Trading, Fees, and Value Accrual
Blockchain transactions typically generate fees, which can flow directly to token holders (e.g., dividends) or indirectly to token holders through reducing token supply (e.g., buybacks). Therefore, if asset tokenization can generate trading activity and fees, it can accrue value to blockchain-based tokens. However, the mechanism for this to occur will depend on protocol type and token properties (Chart 5).
Chart 5: Assets from various crypto industries may all benefit from tokenization

Some components of our smart contract platform in the crypto space should see the most direct impact. The L1 blockchains in this segment (perhaps eventually some components of their L2 ecosystems as well) can serve as universal global platforms for tokenized assets. The native tokens of these protocols are typically used to pay transaction fees ("Gas") and may receive staking rewards or benefit from reducing token supply.
There is fierce competition in the smart contract platform crypto space, but the Ethereum ecosystem still dominates other blockchains in terms of users, assets (locked-in total value), and decentralized applications. Additionally, we believe Ethereum can be considered highly decentralized and neutral to network participants, which may be a necessary condition for any global tokenized asset platform.
Therefore, we believe Ethereum is currently in the most advantageous position among smart contract blockchains to benefit from the trend of tokenization. Other smart contract platforms that may benefit from the tokenization trend include Avalanche (a platform used by financial institutions for various proof-of-concept projects), Polygon, and Stellar, as well as L1 blockchains designed specifically for tokenization, such as Mantra and Polymesh.
The next set of beneficiaries includes the tokenization protocols themselves, which provide platforms for bringing traditional assets into on-chain software applications (Chart 6). Many such providers do not govern tokens (e.g., Securitize, Superstate), but some do.
For example, Ondo Finance, which issues tokenized government bond products, and Centrifuge, a part of the financial crypto space that tokenizes credit products, should be considered by investors for the nature of governance rights they confer and whether they confer any rights to protocol revenue before considering these tokens.
Chart 6: Year-to-date returns for some tokenization protocols

Finally, the increase in blockchain activity resulting from tokenization may support many other components in the crypto ecosystem.
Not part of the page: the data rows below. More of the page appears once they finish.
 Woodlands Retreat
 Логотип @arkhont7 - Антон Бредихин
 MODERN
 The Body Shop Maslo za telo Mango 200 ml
For example, Chainlink hopes its Cross-Chain Interoperability Protocol (CCIP) can provide core infrastructure for message passing data across blockchains (including private and public chains). Similarly, the Biconomy protocol provides certain technical processes that can help traditional financial institutions interact with blockchain technology (e.g., "paymaster" services, allowing users to pay gas fees with tokens other than native blockchain tokens).
Chainlink and Biconomy are both part of our utility and service crypto space.
Tokenization Vision
In conclusion, many digital business use cases are transitioning from closed platforms hosted by centralized intermediaries to open and decentralized platforms based on public blockchain infrastructure, and tokenization is just one of many blockchain adoption trends.
But given the scale and scope of global capital markets, it may be an important trend, and if public chains can match borrowers and lenders (or asset issuers and investors) and demediate existing fintech, the increase in network activity should accrue value to public chain tokens.